Disturbatori che fanno audience: una tecnica dei talk politici
Lunedì sera ho fatto molta fatica a seguire Quarta repubblica di Nicola Porro (Rete4) perché c’era un signore che interrompeva continuamente il suo interlocutore e parlava in casaleggese (chiacchiere & fole di senso comune pseudolibertario). Ho poi scoperto che l’ospite in questione si chiama Gaetano Pedullà. È una vecchia tecnica dei talk politici: bisogna sempre che ci sia un disturbatore in grado di provocare piccole risse, a scapito dei ragionamenti ma a favore dell’audience.

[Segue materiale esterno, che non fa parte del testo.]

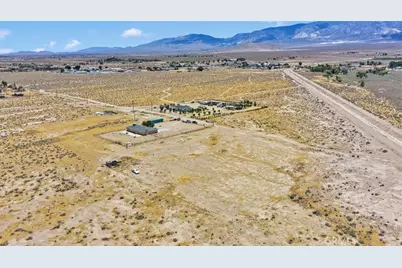32480 Wren, Lucerne Valley, CA 92356 - Photo 47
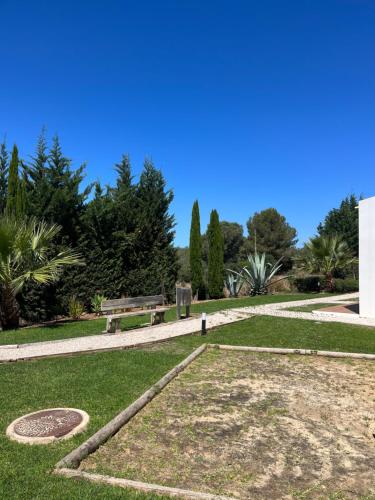 Ein Garten an der Unterkunft Villa Alvor piscina praia e golf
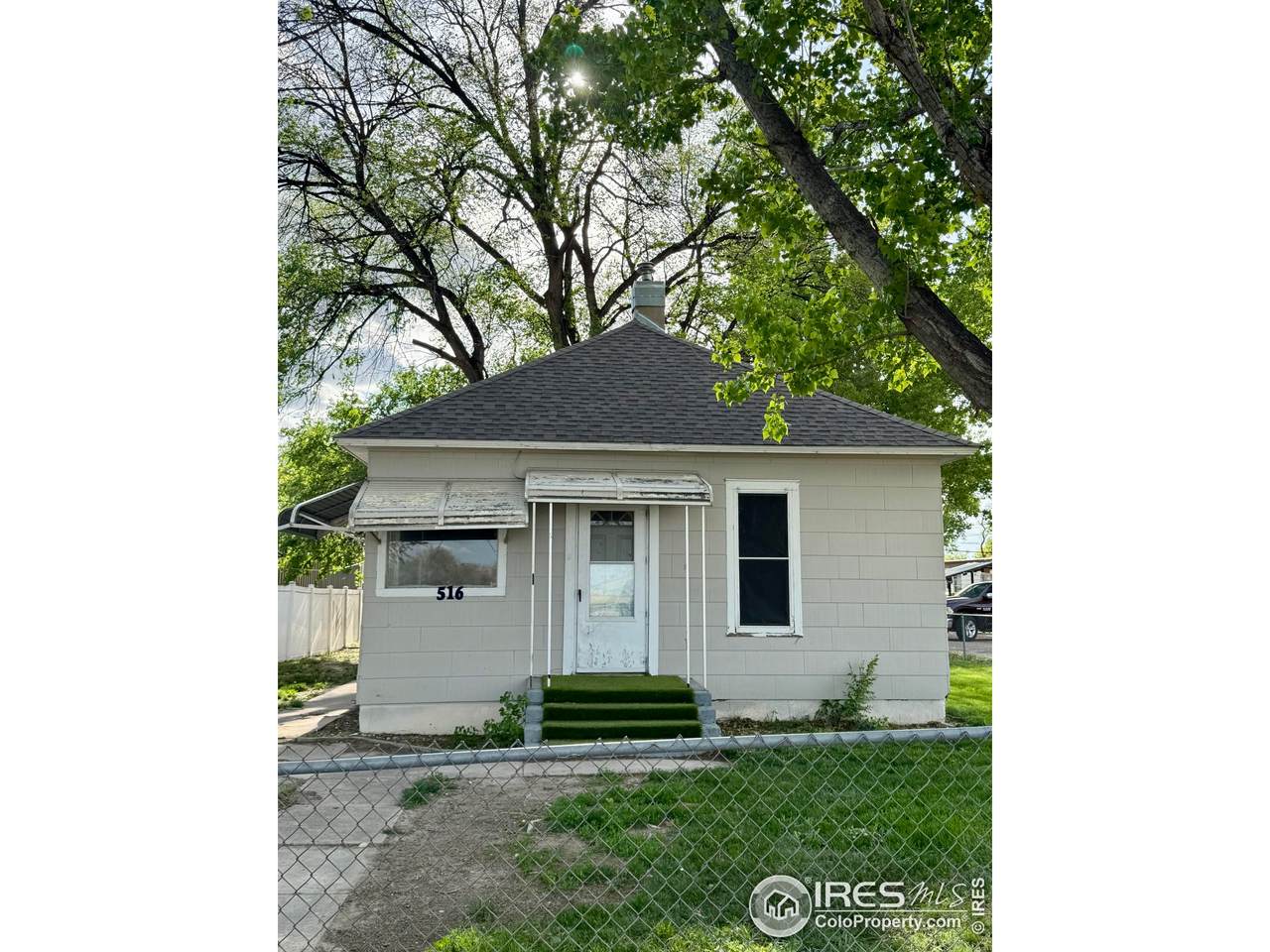 516 Elm Ave - Photo 1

Ogni talk ha il suo Pedullà, e l’elenco sarebbe sterminato. Il talk è parola che si fa spettacolo, come vuole tradizione drammaturgica: è una contrapposizione e semplificazione delle idee, è una grande, inevitabile iniezioni di populismo, è un esplicito incitamento alla rissa per superare una realtà svigorita. Tutto è finzione, tutto è impostura legittimata, al pari della politica.
Il guaio dei talk non è nella loro recita, ma piuttosto nella loro prevedibilità, nella loro monotonia. L’insofferenza verso i talk va di pari passo con quella verso la politica. Nel vedere Pedullà agitarsi secondo copione, mi è tornata in mente una frase del prof. Francesco Giavazzi sui guai della interscambiabilità nei talk tra la figura dell’esperto e quella più dozzinale del tuttologo (sempre disponibile a parlare di tutto). A quel punto, cambiando canale, è successa una cosa curiosa a #cartabianca. Sul finire, congedandosi dal prof. Massimo Galli, Bianca Berlinguer ha espresso un desiderio. Per la prossima stagione, vorrebbe invitare il prof. Galli non come esperto di malattie infettive (è il suo mestiere) ma come opinionista, cioè come tuttologo, come Mauro Corona.
Dunque, in tv, la distinzione fra esperti e tuttologi è molto sfumata (abbiamo persino avuto l’invasione dei virologi). Senza contare che il prof. Galli appartiene all’allegra nidiata del Movimento Studentesco di Milano, che tanto ha contribuito al mito del «dibattito».